Genetic analysis of human lymphocyte proteins by two-dimensional gel electrophoresis: 2. Genetic polymorphism of lymphocyte cytosol 64K polypeptide.

We describe a genetic polymorphism of human lymphocyte cytosol major polypeptide with mol. wt. 64,000, detected in peripheral blood lymphocytes by high resolution two-dimensional electrophoresis. Three different electrophoretic types (1-1, 2-1, 2-2) of the polypeptide have been identified. Family and population studies indicate that the three phenotypes of the polypeptide are determined by two common alleles at a single autosomal locus. The polypeptide occurs in the cytosol and is predominant in peripheral blood lymphocytes, B-lymphoblastoid cells, T-lymphoblastoid cells, lymph node, and spleen.
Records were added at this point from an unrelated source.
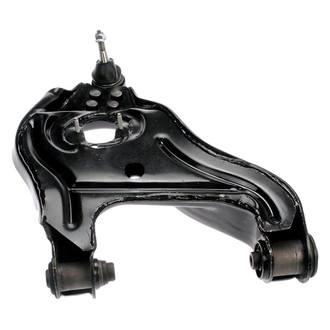 Dorman® - OE Solutions™ Front Driver Side Lower Non-Adjustable Control Arm and Ball Joint Assembly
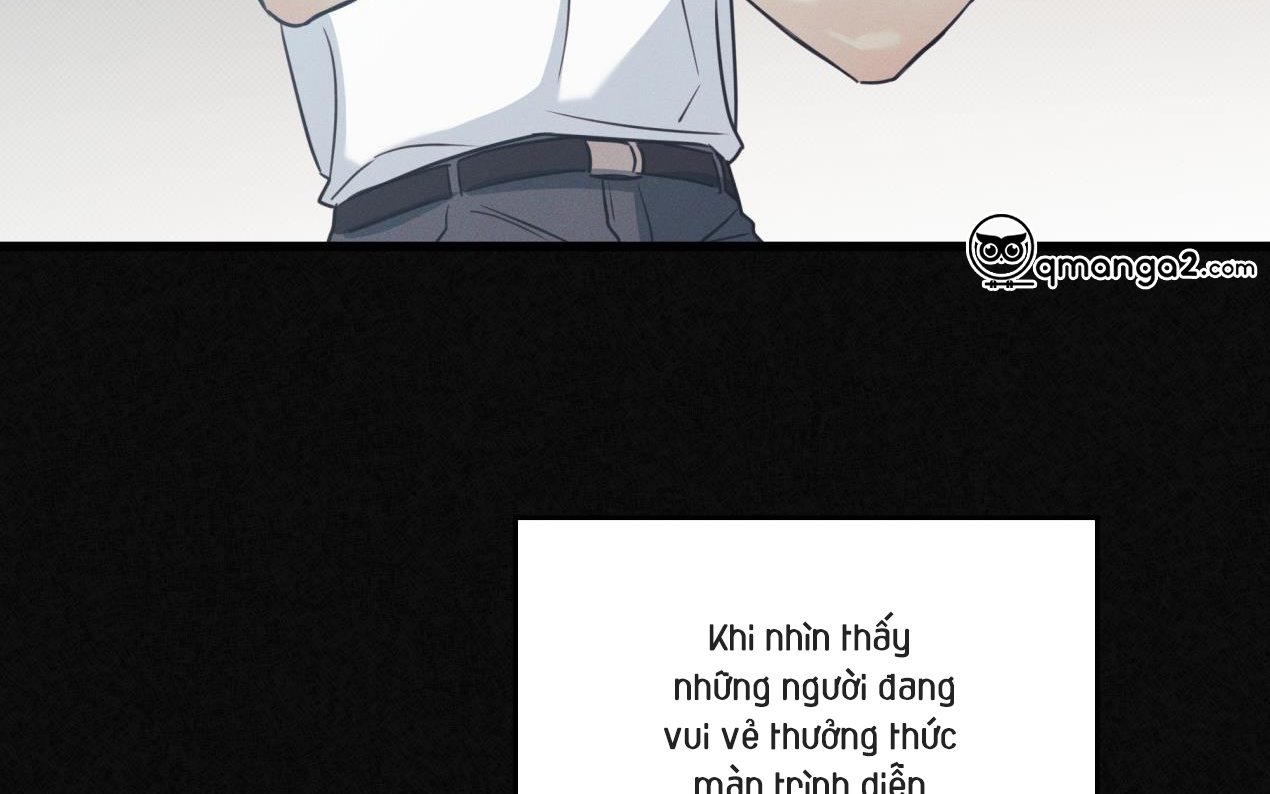 dải hợp âm trên đại dương xanh chapter 12 11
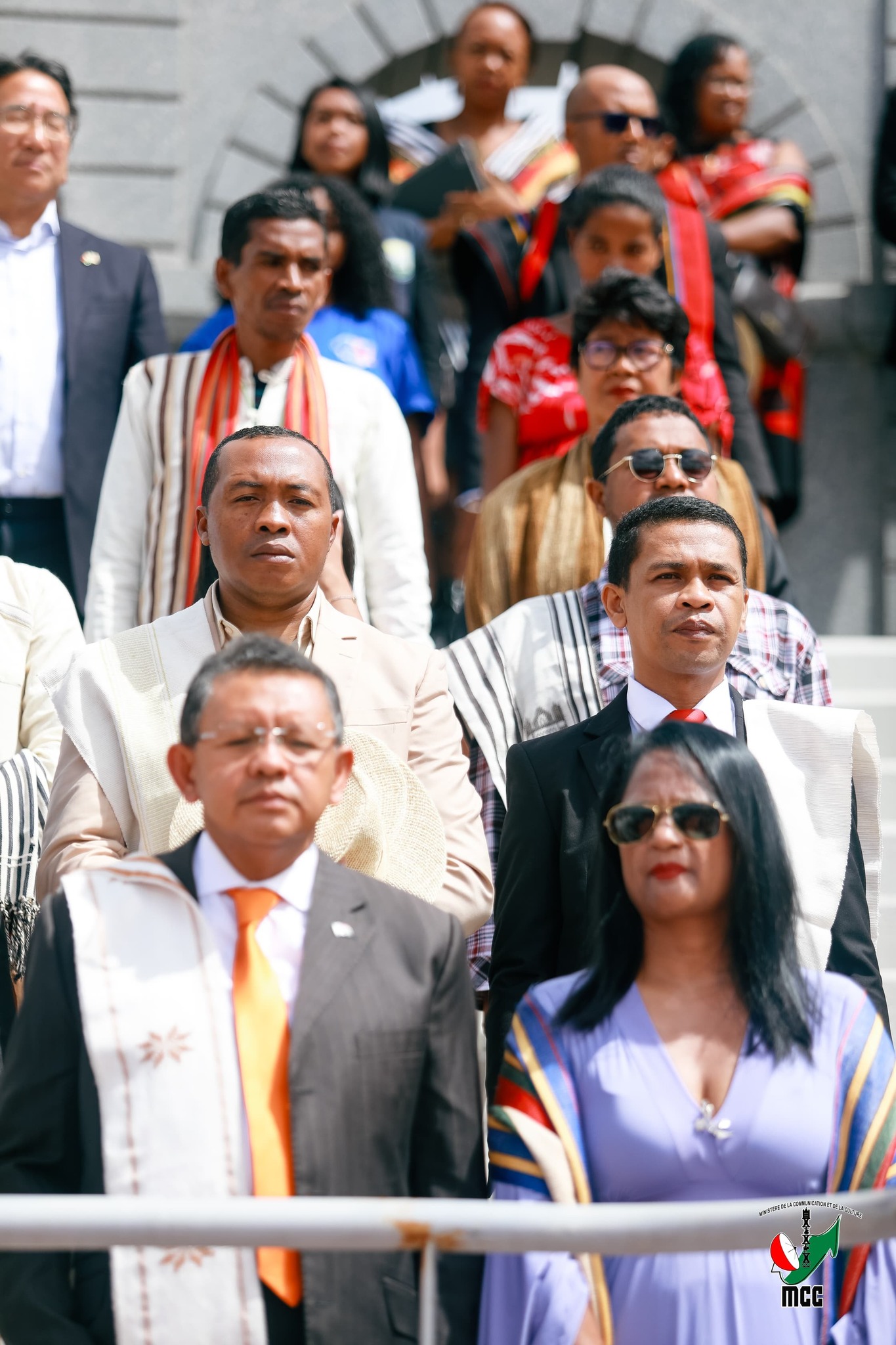 FANKALAZANA NY TAOMBAOVAO MALAGASY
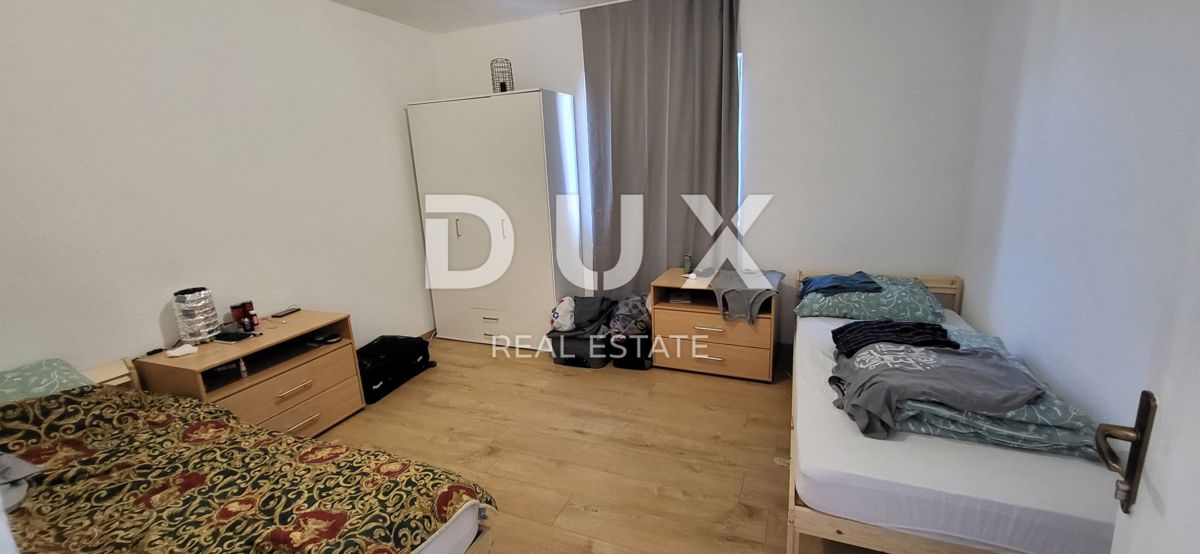 RIJEKA, DRAŽICE, casa indipendente con 4 camere da letto e ampio giardino 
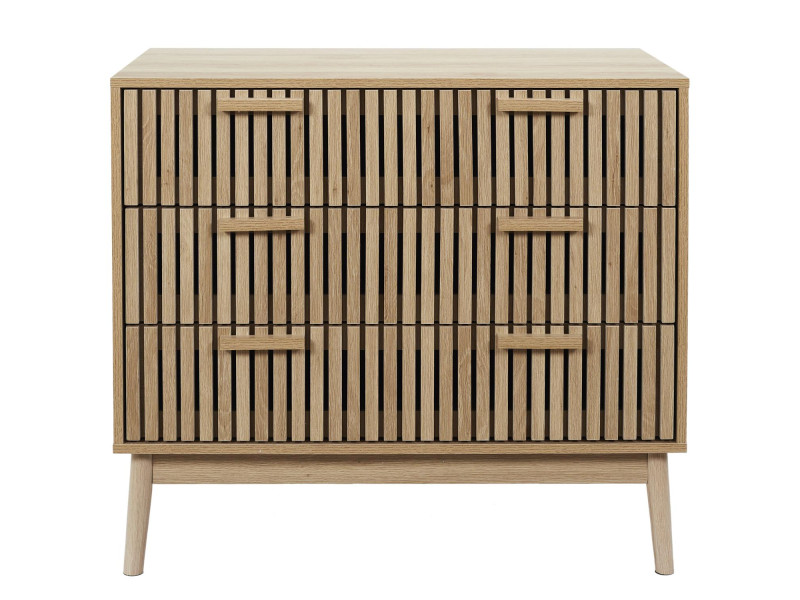 KLAUS - Commode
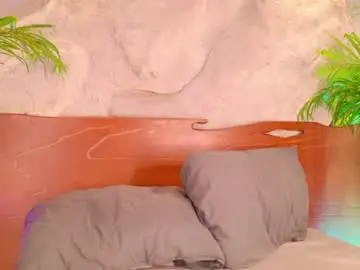 Chaturbate Watch Live Sex Cams of alisoon_moon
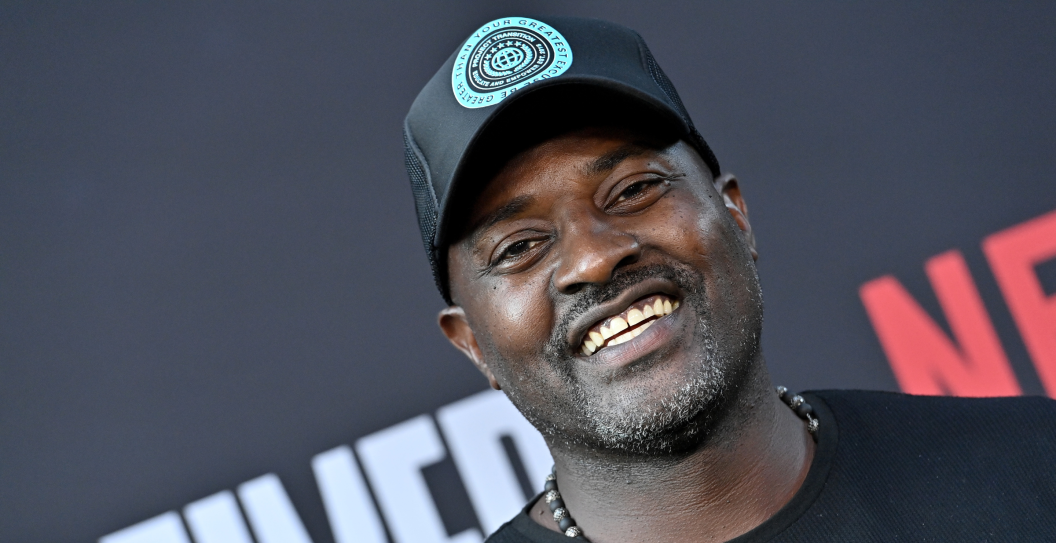 Marcellus Wiley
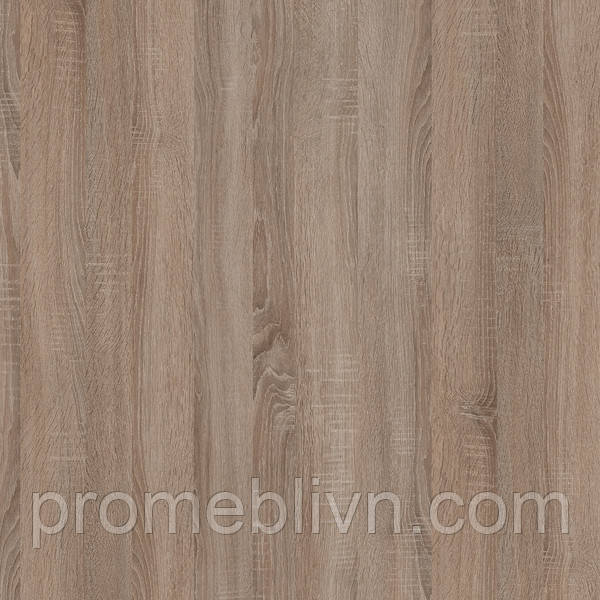 ДСП Kronospan 5194 SN Дуб Вінтаж Оксид (сoнома трюфель)2800x2070x18мм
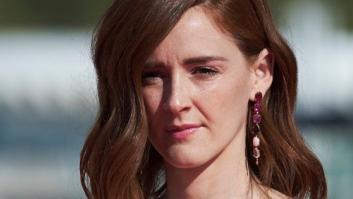 La comentada imagen con la que Ana Polvorosa ha esquivado la censura de los pezones en Instagram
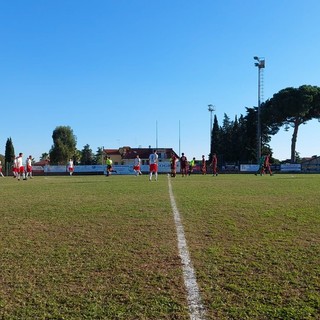 Calcio. Promozione. La San Francesco Loano non si ferma, altro pokerissimo al Ventimiglia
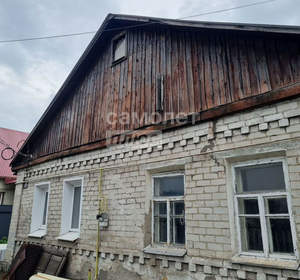 Дом 105м², 1-этажный, участок 6 сот.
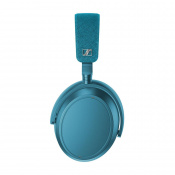 Навушники Sennheiser Momentum 4 Wireless Teal (800073) 2 – techzone.com.ua Навушники Sennheiser Momentum 4 Wireless Teal (800073) 2 – techzone.com.ua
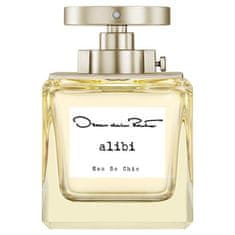 Alibi Eau So Chic 100 ml toaletna voda za ženske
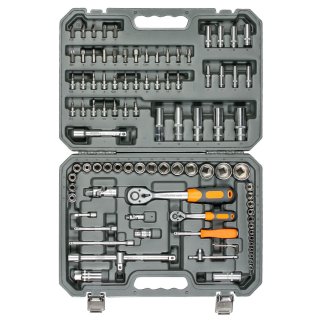 Набор инструментов AirLine AT-94-05 фото
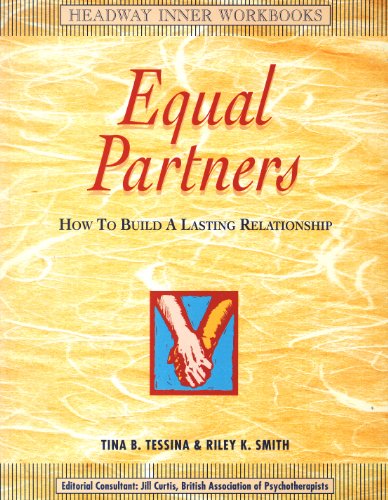 9780340602775: Equal Partners: How to Build a Lasting Relationship (Inner Workbooks)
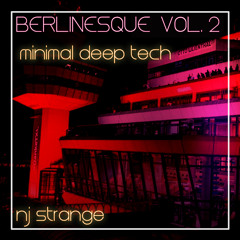 Berlinesque Vol.2 - NJ Strange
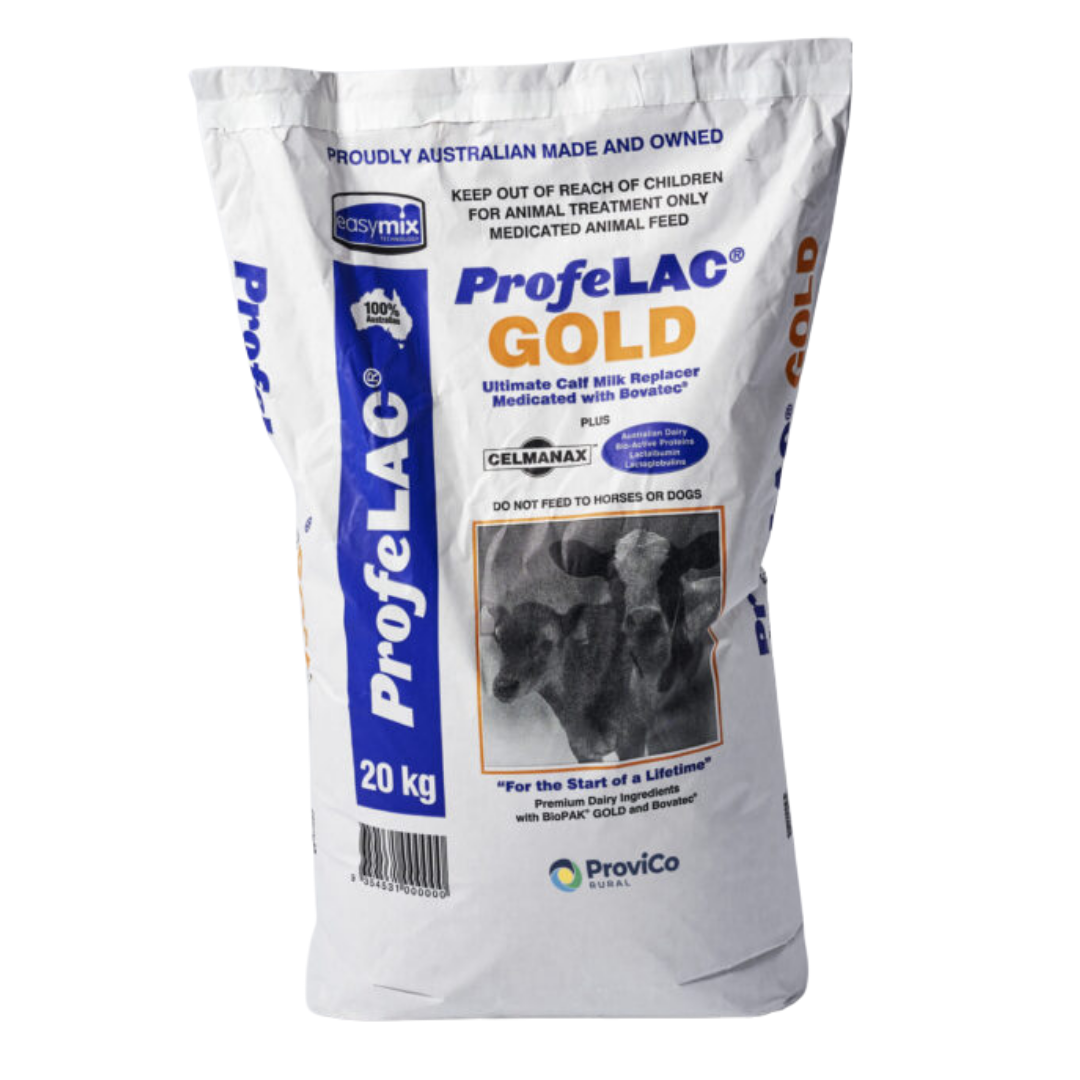 ProfeLAC® GOLD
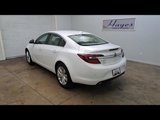 Used 2015 Buick Regal Premium image 5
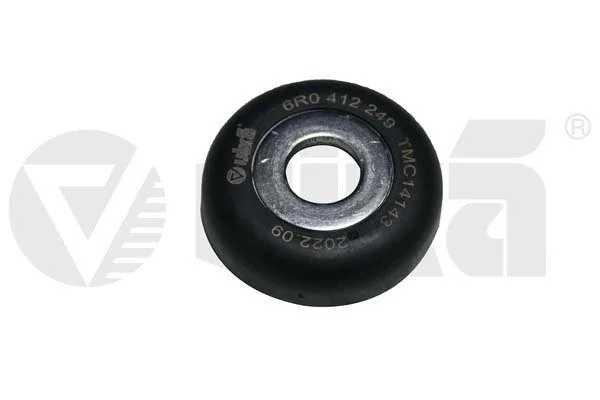 Підшипник опори амортизатора переднього Skoda Fabia (09-14), Rapid (12-) / VW Polo (10-18) / Seat Ibiza (09-17), Toledo (13-16) VIKA Vika 44121783401 (фото 1)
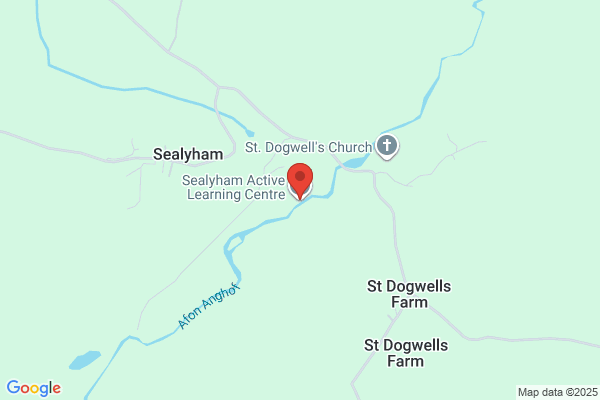 Sealyham Activity Centre Ltd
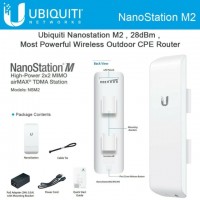 Ubiquiti NanoStation M2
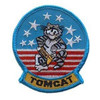 Tomcat Top Gun Patch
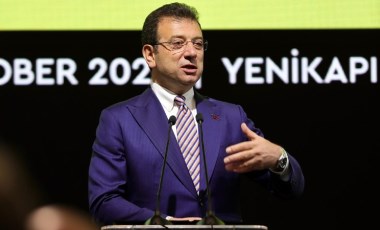 Ekrem İmamoğlu'ndan İstanbul'daki kadın cinayetlerine ilişkin açıklama: 'Politik ortamla ilişkilendirecek kadar basit değil...'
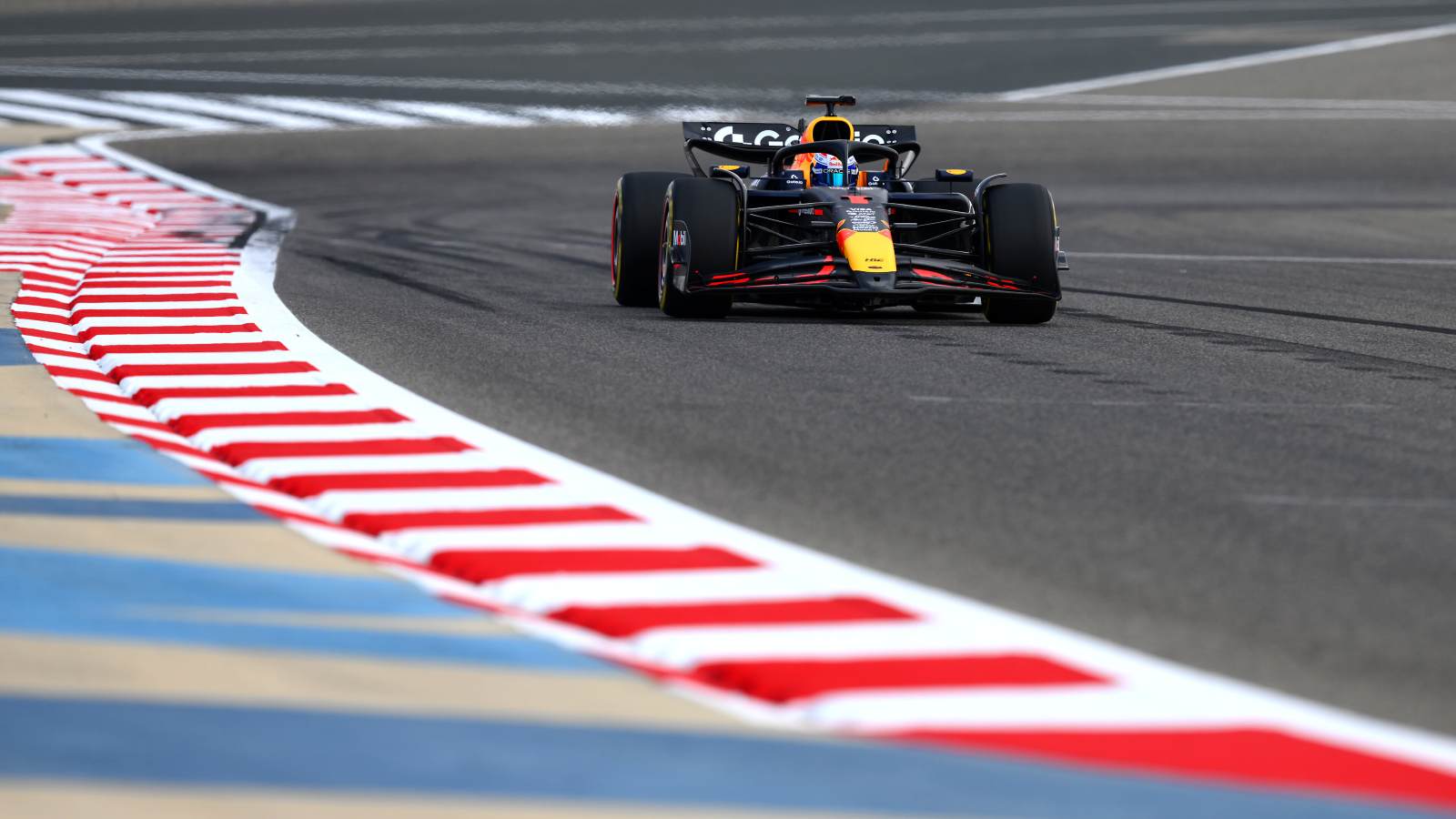 1600x900 Huge Red Bull RB21 changes teased after secretive launch uncovered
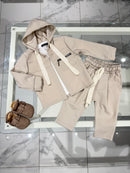 Coordinato Tom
The polypeptide has not been detected HeLa cells, fibroblasts, erythrocytes, serum, and cerebrum. Traces of the polypeptide exist in liver, kidney, and skeletal muscle. It is proposed that the polypeptide and its locus be temporarily designated lymphocyte cytosol 64K polypeptide (LC64K polypeptide) and LC64P, respectively. In a Japanese population, the gene frequencies of LC64P1 and LC64P2 were 0.936 and 0.064, respectively. The data suggest that LC64P is a new locus, product of which shows genetic polymorphism and is associated with the function and/or the structure of lymphocytes.